Friday, April 6, 2012

Now I know what a caged animal feels like after being freed...



I will apoligize in advance for the somewhat serious nature of this post. Now on to the goodness...

So I hope by now everyone has seen the new movie "Free Willy." Pretty sure it just came out. And if you haven't seen it yet, you should. I think it's still in theatres. Someday this movie will be a classic. I don't know how they got Michael Jackson to sing the title song from his grave but he did a great job as well. My favorite part is the ending when "Willy" is freed by the little asshole kid who spray painted "Willy's" house. After a wild chase, "Willy" is superimposed jumping over a huge jetti jumps over a large jetti to get himself to freedom. You should see the look on that whales face. Pure joy. You can't fake that kind of joy.

I now know that feeling. And it feels absolutely wonderful. As some of you may know, late last year I ended a 4 year relationship. I will not bash my ex as I am not bitter and she overall is a nice human being. I learned a lot from that relationship. Unfortunately I had to learn those lessons the hard way(BTW is there an easy way to learn things in life, I am unaware of it). The first little while after the breakup was extremely hard. But over the last month or so I have not felt better in my life. I'm starting to be the real Gato Negro again. A friend of mine even said to me, "you've been less of a pussy lately." My friends are so uplifting.

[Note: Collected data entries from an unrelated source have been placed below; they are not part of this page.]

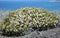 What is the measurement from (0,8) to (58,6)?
1431 mm

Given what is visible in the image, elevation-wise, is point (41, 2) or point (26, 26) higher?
point (41, 2)

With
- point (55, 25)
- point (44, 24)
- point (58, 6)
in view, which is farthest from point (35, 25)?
point (58, 6)

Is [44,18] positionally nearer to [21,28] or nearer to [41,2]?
[41,2]

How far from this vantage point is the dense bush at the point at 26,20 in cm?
329

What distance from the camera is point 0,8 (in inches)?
140

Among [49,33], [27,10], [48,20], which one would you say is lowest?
[49,33]

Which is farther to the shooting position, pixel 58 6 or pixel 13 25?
pixel 58 6

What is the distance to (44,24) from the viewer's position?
355cm

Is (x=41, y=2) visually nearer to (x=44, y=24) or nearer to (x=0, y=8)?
(x=44, y=24)

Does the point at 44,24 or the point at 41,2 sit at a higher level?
the point at 41,2

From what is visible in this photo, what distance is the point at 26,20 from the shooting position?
3434mm

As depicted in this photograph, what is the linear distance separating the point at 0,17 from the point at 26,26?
2.41 ft

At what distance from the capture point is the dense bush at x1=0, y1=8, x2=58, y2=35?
329cm

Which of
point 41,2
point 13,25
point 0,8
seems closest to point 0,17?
point 0,8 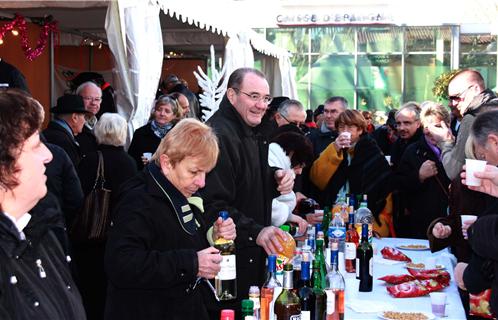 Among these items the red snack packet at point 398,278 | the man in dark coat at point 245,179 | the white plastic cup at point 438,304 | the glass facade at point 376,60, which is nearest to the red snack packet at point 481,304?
the white plastic cup at point 438,304

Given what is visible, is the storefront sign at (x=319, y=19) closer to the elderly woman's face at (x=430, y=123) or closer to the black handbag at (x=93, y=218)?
the elderly woman's face at (x=430, y=123)

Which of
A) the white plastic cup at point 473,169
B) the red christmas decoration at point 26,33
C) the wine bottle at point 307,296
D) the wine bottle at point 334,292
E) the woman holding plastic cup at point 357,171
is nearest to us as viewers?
the wine bottle at point 307,296

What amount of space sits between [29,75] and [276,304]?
6.96 m

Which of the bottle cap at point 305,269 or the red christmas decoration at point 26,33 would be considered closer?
the bottle cap at point 305,269

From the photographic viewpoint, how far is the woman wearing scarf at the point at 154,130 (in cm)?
615

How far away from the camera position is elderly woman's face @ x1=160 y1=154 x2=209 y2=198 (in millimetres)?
2760

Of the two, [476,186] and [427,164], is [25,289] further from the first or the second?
[427,164]

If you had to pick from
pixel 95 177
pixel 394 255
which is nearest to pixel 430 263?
pixel 394 255

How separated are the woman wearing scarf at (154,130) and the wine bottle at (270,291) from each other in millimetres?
3375

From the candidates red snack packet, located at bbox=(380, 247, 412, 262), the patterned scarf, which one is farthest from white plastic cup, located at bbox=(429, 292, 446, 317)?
the patterned scarf

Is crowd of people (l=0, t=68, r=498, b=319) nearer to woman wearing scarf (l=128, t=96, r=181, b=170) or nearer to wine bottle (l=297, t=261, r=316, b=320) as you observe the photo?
woman wearing scarf (l=128, t=96, r=181, b=170)

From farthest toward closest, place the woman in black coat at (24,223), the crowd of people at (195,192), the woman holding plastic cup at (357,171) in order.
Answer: the woman holding plastic cup at (357,171), the crowd of people at (195,192), the woman in black coat at (24,223)

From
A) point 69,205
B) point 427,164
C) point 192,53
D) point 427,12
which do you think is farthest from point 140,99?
point 427,12

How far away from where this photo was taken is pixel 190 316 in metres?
2.80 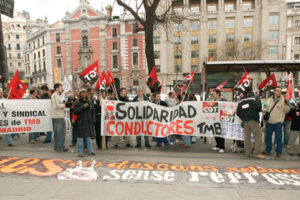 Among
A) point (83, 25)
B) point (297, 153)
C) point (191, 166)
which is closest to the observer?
point (191, 166)

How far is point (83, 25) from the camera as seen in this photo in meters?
46.3

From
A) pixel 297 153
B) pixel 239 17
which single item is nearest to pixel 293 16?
pixel 239 17

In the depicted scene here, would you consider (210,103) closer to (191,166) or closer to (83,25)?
(191,166)

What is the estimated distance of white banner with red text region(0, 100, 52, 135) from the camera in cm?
712

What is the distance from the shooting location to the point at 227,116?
6.66m

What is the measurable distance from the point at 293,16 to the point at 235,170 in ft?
156

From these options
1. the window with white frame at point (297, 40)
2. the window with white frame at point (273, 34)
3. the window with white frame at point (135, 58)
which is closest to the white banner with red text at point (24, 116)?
the window with white frame at point (135, 58)

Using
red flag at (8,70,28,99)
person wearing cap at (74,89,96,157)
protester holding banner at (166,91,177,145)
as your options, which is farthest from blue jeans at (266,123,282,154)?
red flag at (8,70,28,99)

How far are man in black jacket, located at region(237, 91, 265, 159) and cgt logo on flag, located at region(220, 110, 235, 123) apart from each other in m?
0.59

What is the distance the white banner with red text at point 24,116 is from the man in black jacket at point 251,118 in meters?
6.23

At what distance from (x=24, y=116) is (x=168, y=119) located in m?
4.79

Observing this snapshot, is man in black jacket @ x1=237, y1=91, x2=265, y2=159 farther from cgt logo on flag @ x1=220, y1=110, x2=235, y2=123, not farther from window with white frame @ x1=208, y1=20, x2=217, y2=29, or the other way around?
window with white frame @ x1=208, y1=20, x2=217, y2=29

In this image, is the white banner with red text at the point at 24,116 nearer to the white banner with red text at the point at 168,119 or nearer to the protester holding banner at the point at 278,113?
the white banner with red text at the point at 168,119

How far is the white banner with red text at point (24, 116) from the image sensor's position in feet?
23.4
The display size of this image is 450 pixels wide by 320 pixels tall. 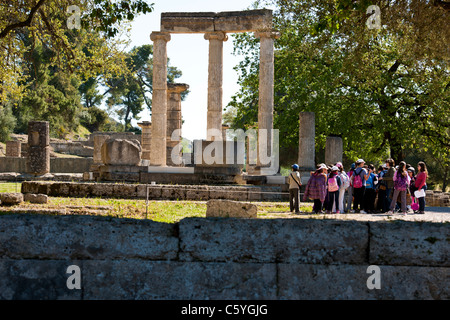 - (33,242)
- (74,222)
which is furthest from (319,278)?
(33,242)

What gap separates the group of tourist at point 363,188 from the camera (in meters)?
12.8

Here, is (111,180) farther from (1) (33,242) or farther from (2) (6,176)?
(1) (33,242)

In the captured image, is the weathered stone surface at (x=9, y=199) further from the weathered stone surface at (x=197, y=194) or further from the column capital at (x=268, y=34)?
the column capital at (x=268, y=34)

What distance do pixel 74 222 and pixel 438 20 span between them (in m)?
13.1

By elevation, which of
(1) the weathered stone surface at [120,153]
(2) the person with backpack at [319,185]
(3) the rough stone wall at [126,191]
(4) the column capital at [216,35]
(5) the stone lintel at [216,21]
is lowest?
(3) the rough stone wall at [126,191]

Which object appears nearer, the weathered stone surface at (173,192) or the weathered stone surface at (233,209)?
the weathered stone surface at (233,209)

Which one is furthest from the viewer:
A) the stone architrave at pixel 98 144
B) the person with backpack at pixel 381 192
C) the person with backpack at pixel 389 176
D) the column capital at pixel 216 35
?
the stone architrave at pixel 98 144

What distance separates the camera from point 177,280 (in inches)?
165

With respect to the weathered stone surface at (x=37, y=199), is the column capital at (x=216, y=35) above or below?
above

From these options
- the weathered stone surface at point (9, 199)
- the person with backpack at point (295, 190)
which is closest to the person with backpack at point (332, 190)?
the person with backpack at point (295, 190)

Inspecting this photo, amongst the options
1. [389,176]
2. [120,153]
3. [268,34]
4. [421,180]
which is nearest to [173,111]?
[268,34]

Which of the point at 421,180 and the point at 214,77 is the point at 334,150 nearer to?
the point at 214,77

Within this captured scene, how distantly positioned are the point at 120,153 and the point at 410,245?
17.3m

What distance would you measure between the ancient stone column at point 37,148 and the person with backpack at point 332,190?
51.9 feet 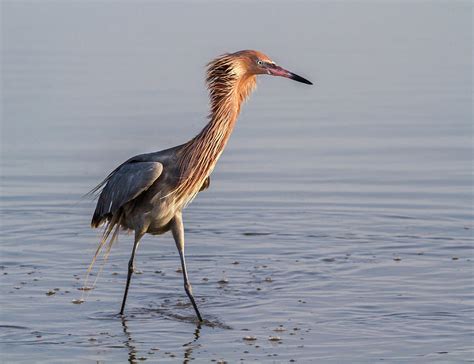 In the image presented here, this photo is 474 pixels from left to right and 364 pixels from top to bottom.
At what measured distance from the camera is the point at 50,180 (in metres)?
12.7

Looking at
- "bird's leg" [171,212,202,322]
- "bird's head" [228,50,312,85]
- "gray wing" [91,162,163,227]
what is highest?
"bird's head" [228,50,312,85]

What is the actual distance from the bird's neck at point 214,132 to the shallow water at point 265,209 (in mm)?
1038

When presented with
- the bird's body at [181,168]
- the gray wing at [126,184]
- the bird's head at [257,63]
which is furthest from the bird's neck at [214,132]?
the gray wing at [126,184]

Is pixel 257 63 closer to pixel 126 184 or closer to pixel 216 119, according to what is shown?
pixel 216 119

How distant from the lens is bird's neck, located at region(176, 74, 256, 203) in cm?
852

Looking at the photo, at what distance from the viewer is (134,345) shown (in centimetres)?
769

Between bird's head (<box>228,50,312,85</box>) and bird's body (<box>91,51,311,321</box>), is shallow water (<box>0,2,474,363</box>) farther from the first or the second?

Anyway when Willy was released back into the wild he could do whatever he wanted. Hunt seal, jump around in the ocean, swim with friends, whatever his heart desired.
Now that I'm over that whole situation I too can hunt seal(women), jump around in the ocean(play golf), and swim with friends(drink with friends). I can do what I want. I did not enjoy the single life at first, now I am embracing it and actually enjoying myself. I am similar to "Willy" or any animal being released back to the wild. You have to learn the way the world works again. The adult dating world is interesting, that's for sure. The last time I became single after a long term relationship was back in college and I went on a 5 year bender of booze and women. And a perfect example of my bender is my previous post. There will be many more stories to be told. While I don't plan on going another 5 years without a girlfriend, I do plan on attacking the single life with the same tenacity as I did 9 years ago. My ridiculous thoughts, crazy sayings and general obnoxiousness is coming back HARD. I guess you can take the beast out of the wild, but you can't take the wild out of the beast. I just compared myself with a killer whale, a beast and used the words attack and tenacity when talking about "single life." This is normal right? Long story short being single is fun again and I will dominate life once again. The above picture is a metaphor for what I plan on doing to the single life. I will soon write a blog about single girls as I find them to be hilarious and "hot messes".

A married friend, with whom I will not mention for fear his wife could read this, said something that was so insightful while cracking a joke that I actually stopped and thought about it. He said "I am rooting for you, you just got a second chance at life." When I really thought about it, he is 100% correct. I could be caught in some shitty marriage that makes me miserable, like most married people. Instead I get to start over and be that Orca that slays seals and jumps jetties. And unlike Willy my dorsel fin isnt bent. HA! I owe it to my idiot friends who got married married friends to make the best of this second chance at life. I owe them stories after every weekend. I will not do this for me, but for all those guys who married for love and now hate their wives lives.

"I got two tickets to the thunderdome, one for you, one for your emotional baggage."